Había uno de nuestra predilección. Era un bar de rock que se llamaba MP3 o que lo bautizamos así por quién sabe qué razón. Después de un par de tandas de cervezas el alcohol inundaba nuestra sangre y cantábamos a grito herido las canciones que iban sonando de forma aleatoria. Una de nuestras preferidas era Carrie, y después de gritar el coro soltábamos a reírnos como si estuviéramos en medio de un trance.
Luego, cuando ya no teníamos más dinero y antes de que no fuéramos conscientes de nuestras acciones, saliamos del lugar y nos dirigíamos a un lugar en el que vendían empanadas mexicanas.
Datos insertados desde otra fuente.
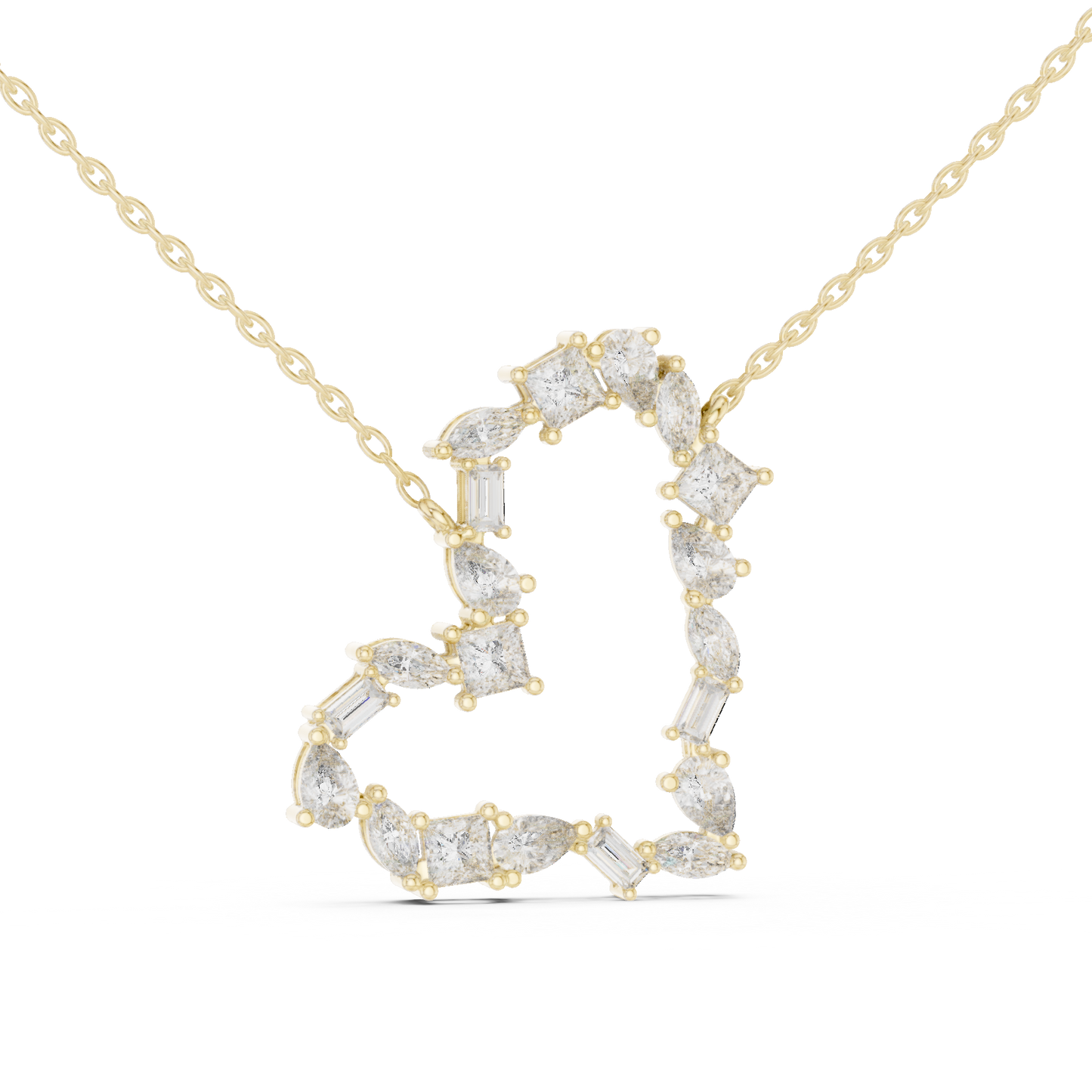 Designer Multi-Shape Lab-Grown Diamond Heart Casual Pendant for Women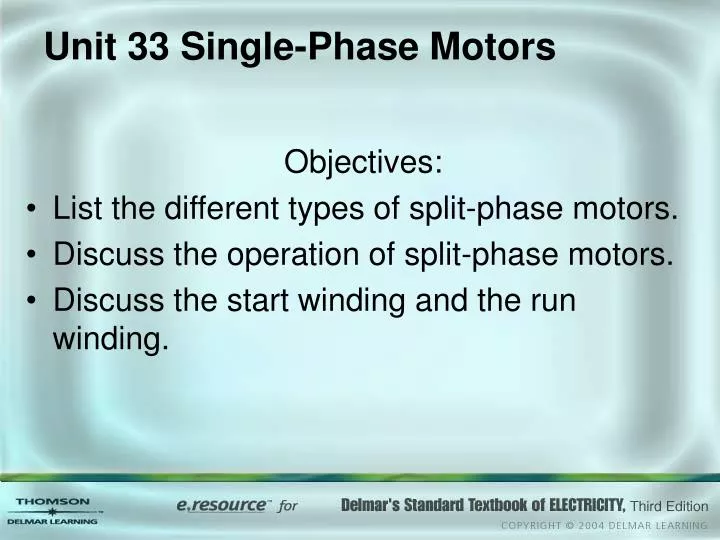 unit 33 single phase motors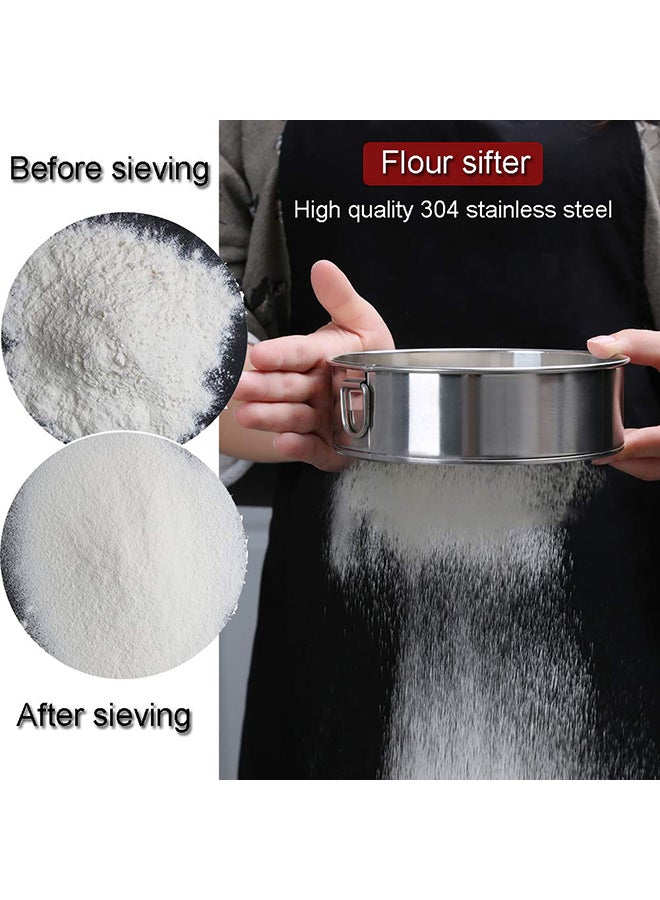 6-Piece Round Flour Sieve Silver 30cm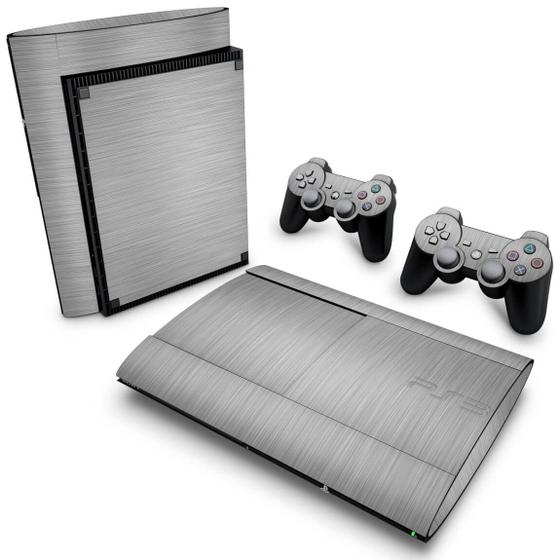 Imagem de Adesivo Compatível PS3 Super Slim Skin - Aço Escovado Cinza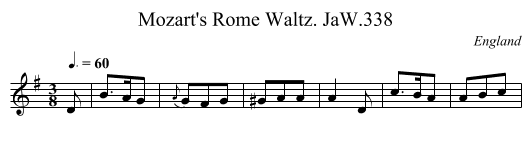 Mozart's Rome Waltz. JaW.338 - staff notation
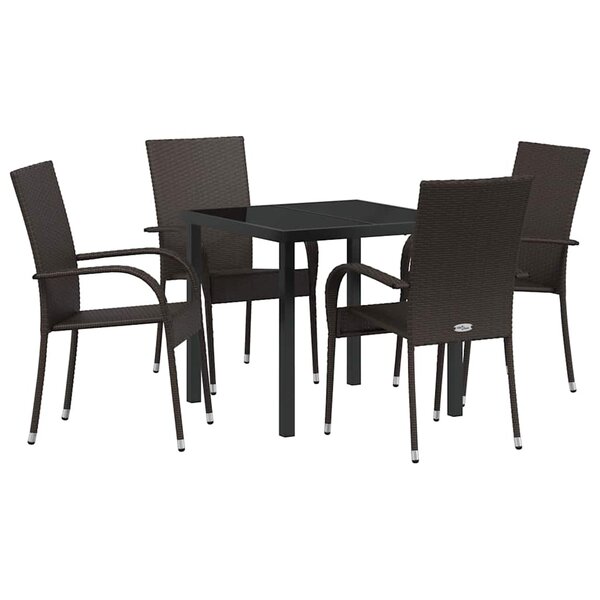 vidaXL Ensemble de salle à manger pour jardin 5 Pièces Marron Poly rotin
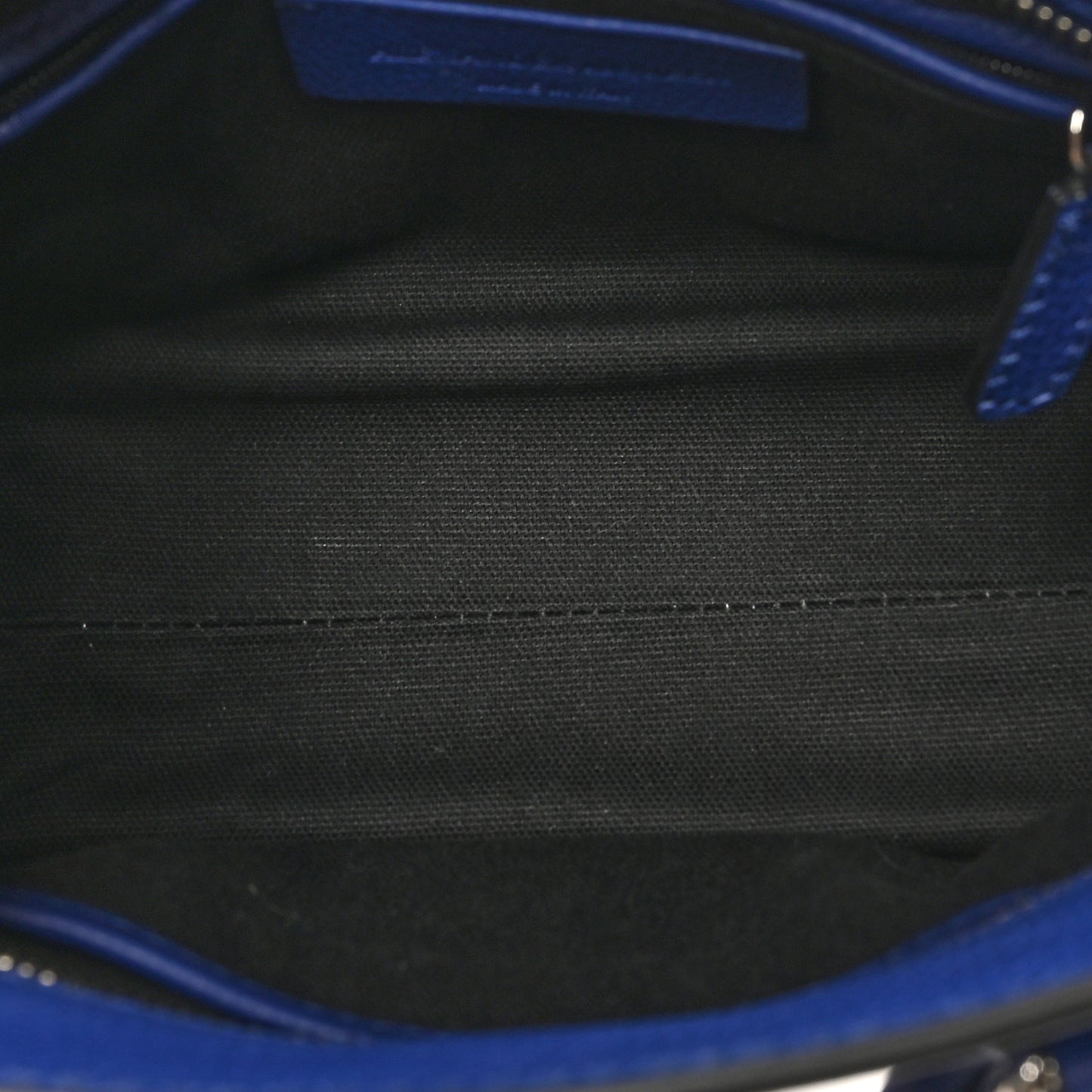 Pebbled Calfskin Mini Skull Padlock Zip Around Tote Ultramarine
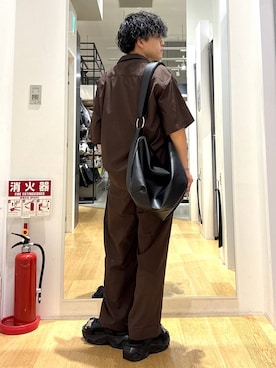 「HARE（ハレ）のビルディングソールサンダル(HARE)（サンダル、ブラック系）」を使った、ぬまさん（メンズ・166cm）の夏コーディネート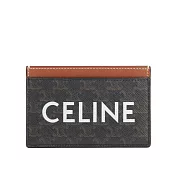 CELINE TRIOMPHE Logo 印花名片/卡片夾 (焦糖色)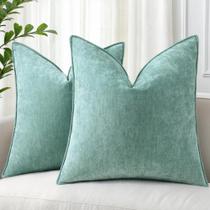 Capas de travesseiro DecoruHome Spring Chenille 60x60cm Aqua Haze, conjunto de 2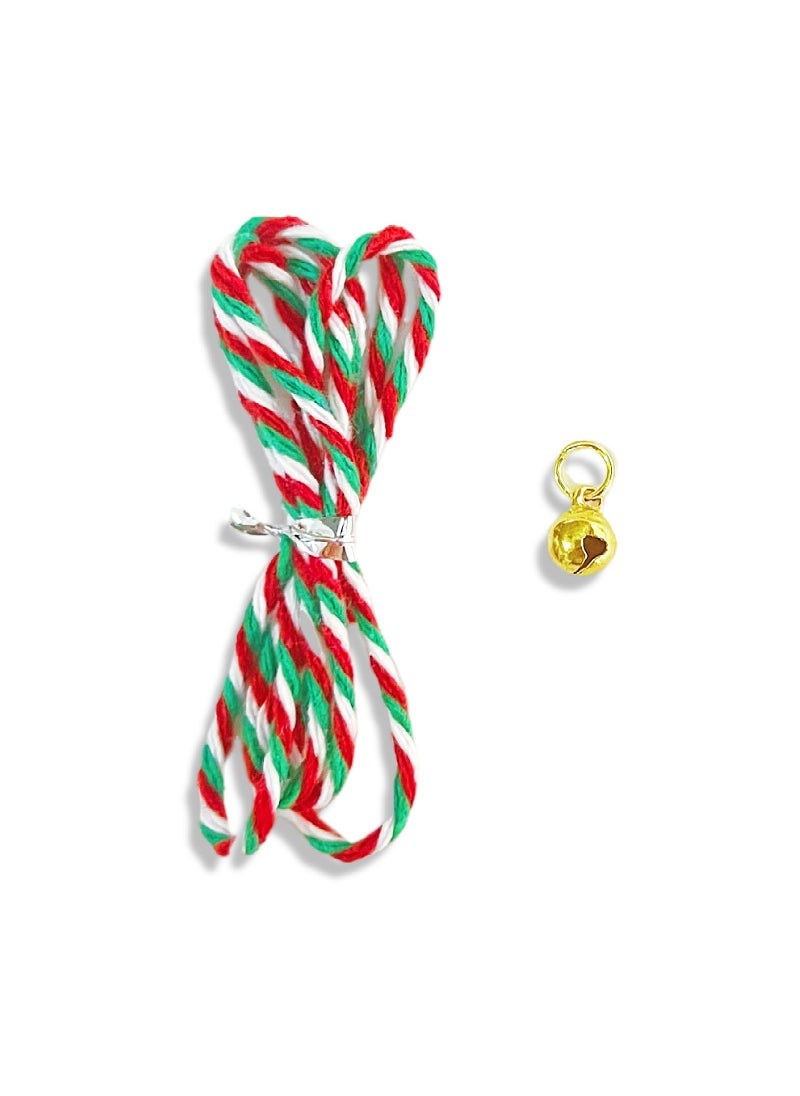 Plush Dog Toy Twisted Stick Bell Rope Red, green and white rope 50cm + gold hanging ring bell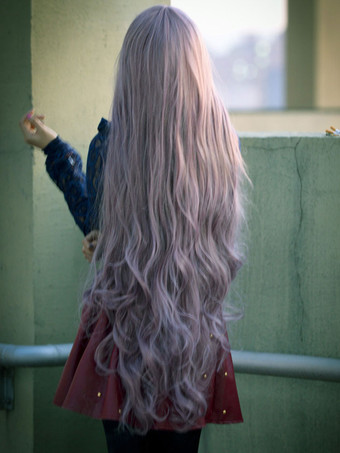 ハロウィンウィッグ　ラベンダー　カーリー　化学繊維　シック＆モダン　ハロウィン　女性用　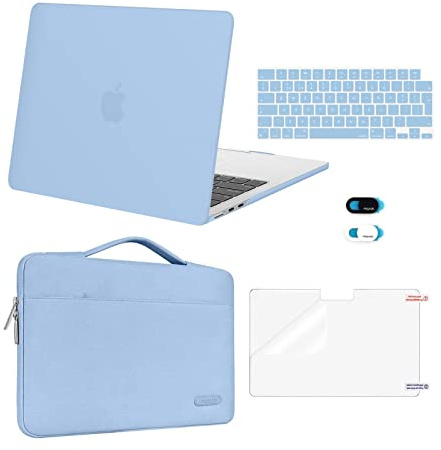 MOSISO Kompatibel mit MacBook Air 13 Zoll Hülle M5 M4 M3 M2 2026-2022 13,6 | Passgenau, Kratzfest, Hartschale&Laptoptasche&Tastaturschutz&Webcam Cover&Displayschutz A3449 A3240 A3113/2681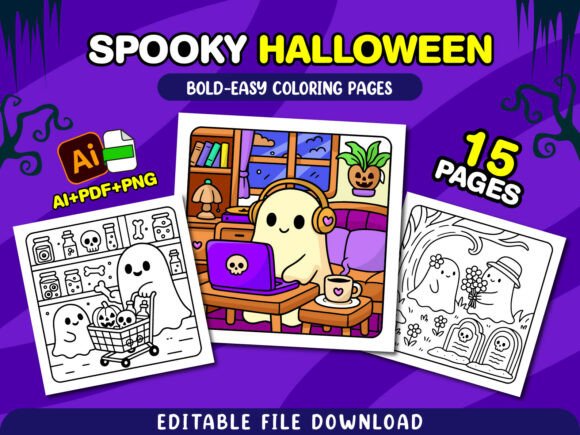 Spooky Halloween Cozy Coloring Pages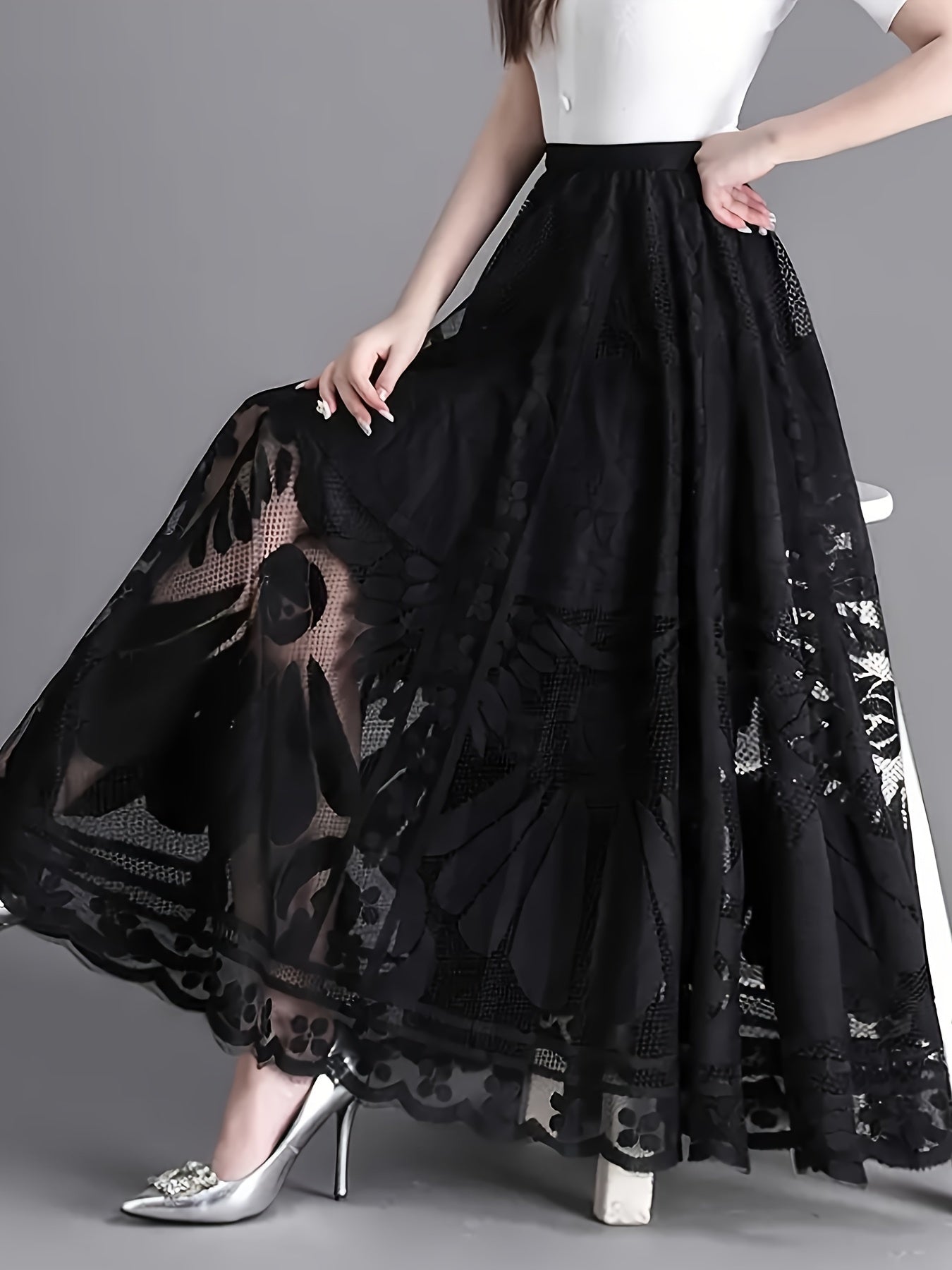 Elegant Women's A-Line Lace Skirt - Long Pleated Design with Intricate Floral Patterns, Lightweight Polyester, Ideal for Spring/Summer/Fall Events, Spring Summer Fashion|Aline Skirt|Polyester Fabric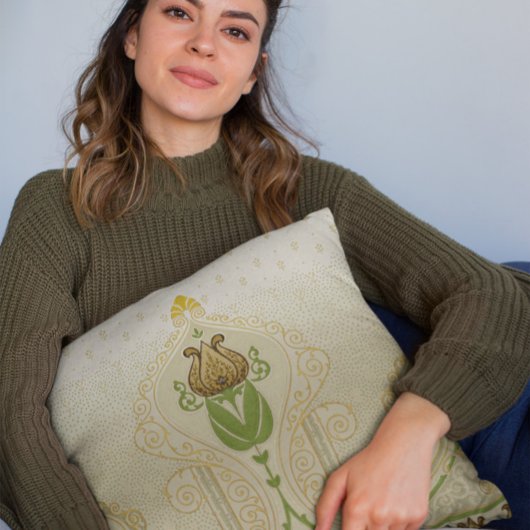 Coussin Tulipe Stylisée Delicate Fils Décoration Accueil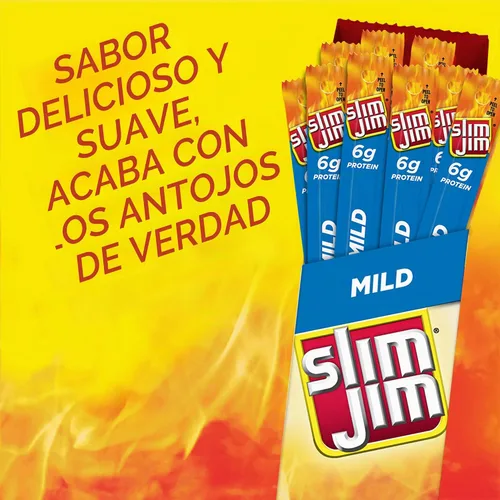 Vista 4 de Slim Jim - Palitos de carne seca ahumada gigante, sabor suave, 0.97 onzas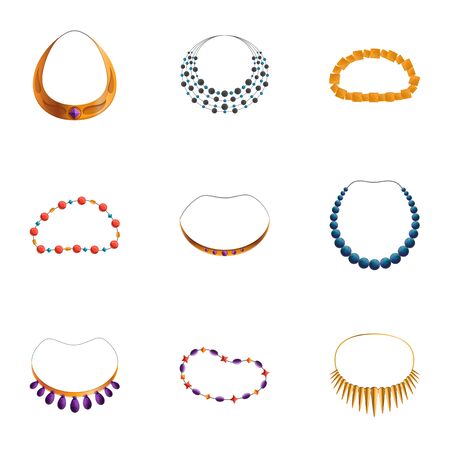 Luxury necklace icon set. Cartoon set of 9 luxury necklace vector icons for web design isolated on white backgroundのイラスト素材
La verdad eran empanadas comunes y corrientes –eso sí, grandes y a buen precio– y quizá llevaban ese nombre gracias a un guacamole con ají demasiado picante que preparaban. Las empanadas mexicanas cumplían dos funciones: calmar nuestra hambre de borrachos y esperar que el ají nos ayudara a bajar la prenda.
Hace poco, recordando aquellos tiempos con C. él me decía que algo que el recordaba con cariño era el sueño que se echaba en el bus hacía su casa, al finalizar esos viernes de cervezas y empanadas mexicanas. Yo, en cambio, muchas veces me subí a los buses sin saber muy bien quién era, y nunca, eso creo, me quedé dormido.
Hasta el día de hoy no he logrado dominar el fino arte de dormir en los buses y despertarme justo en el momento en el que me debo bajar.